The Netherlands – Last Day and Recap

 

On our last day in Amsterdam, Netherlands we got to visit the Vincent Van Gogh Museum and explore his various paintings throughout his life. We  learned that he got his start at painting by being inspired from impressionist painters and his family had an agriculture background. By examining all of his paintings that were present on our tour, we discovered that Mr. Gogh’s favorite agricultural crop was probably wheat.

To recap everything that we visited and experienced, we toured Koppert Cress and received an interesting presentation from Mr. Rob Baan. We toured the Anne Frank House, had an interesting presentation of the ministry of Economic Affairs at The Hague,  had another very intriguing presentation from a representative at Food Valley, toured Seed Valley, toured Agriport (Barendse), worked on our service project in Food Forest, received a very interesting briefing from Susan Phillips from the U.S. Embassy, toured Artis Zoo, and visited Keukenhof.

We also traveled to Wageningen and listened to Nicolas Appert and Director Jeroen Knol from the European Federation of Food Science and Technology (EFFoST). We even visited 2 organic farms (i.e. a dairy farm and a care farm). We also got to experience the processing and refining of Soybeans, Canola, and Sunflower oil from Cargill at two of their processing plants in Amsterdam. We even got to experience a music concert from the Netherlands Philharmonic Orchestra.
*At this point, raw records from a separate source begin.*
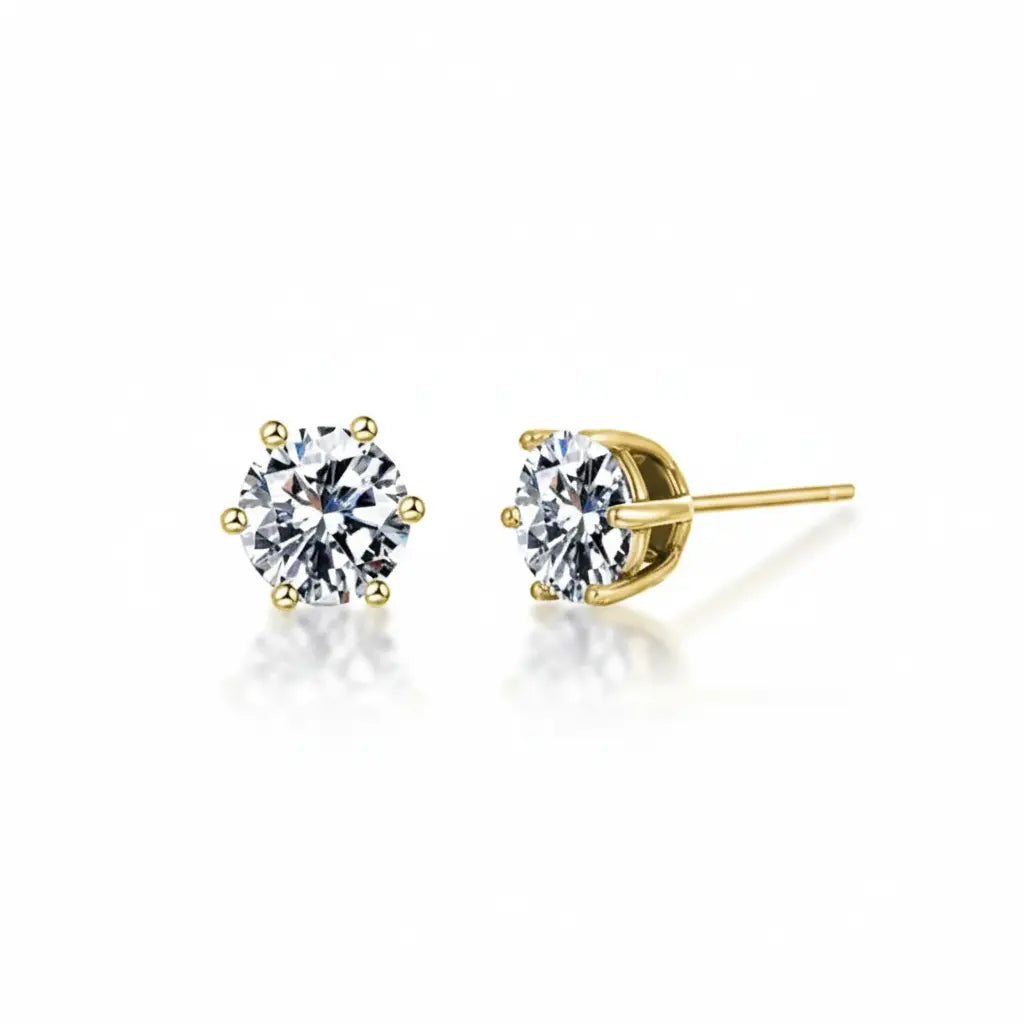 Pair of gold zirconia stud earrings on a white background
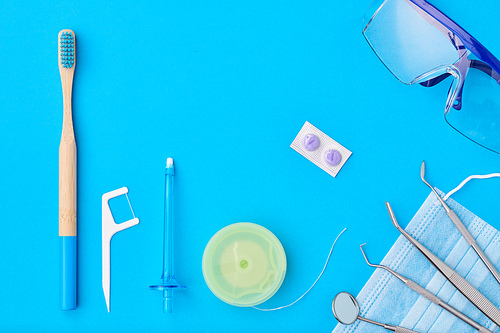 Dentist tools over blue background top view flat lay. Tooth care, dental hygiene and health concept.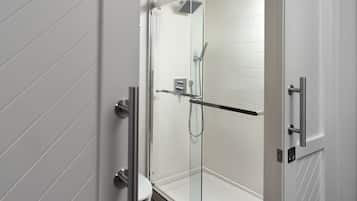A modern bathroom with a glass shower enclosure, white tiled walls, and a visible toilet.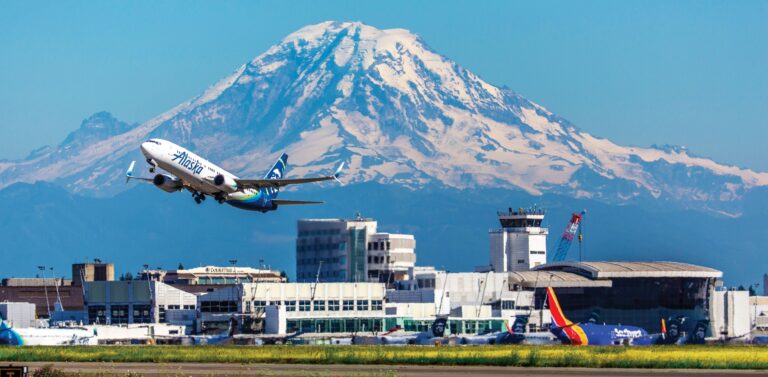 An Alaska Airlines plane takes off from an airport with snow-capped Mount Rainier in the background under a clear blue sky.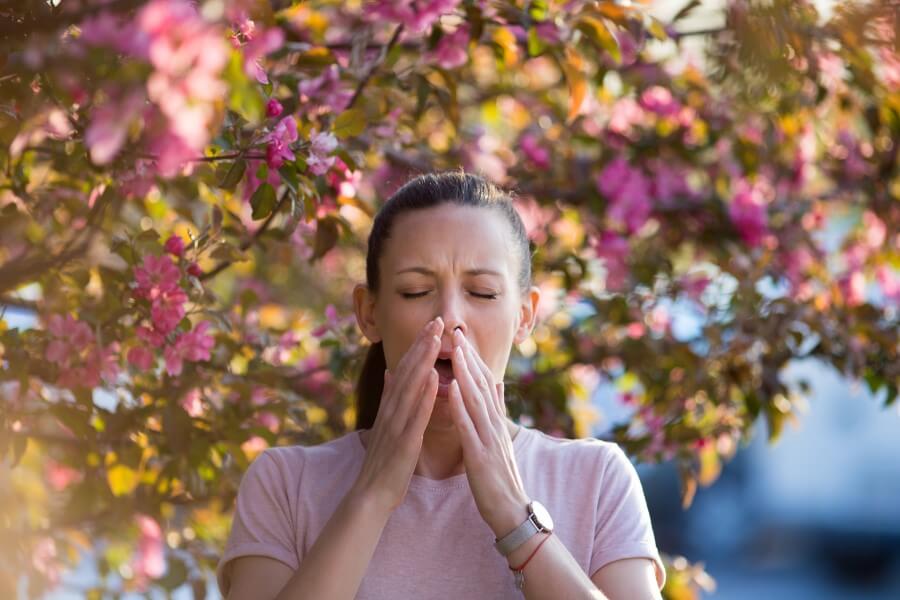 Kobieta cierpi na alergię na pyłki roślin, na którą mogłoby pomóc jej odczulanie.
Our key takeaways from our trip were that we need to maintain a Global Market mindset, education and collaboration are essential for the continued advancements in agriculture, and our appreciation for the United States of America.

We would like to thank all of our sponsors, CHS, Monsanto, Bunge, and Cargill for their generous donations and support for our trip to the Netherlands and having us explore agriculture on the global level. We would also like to thank International Institute of Education (IIE) for organizing the logistics of our trip and keeping us safe everyday.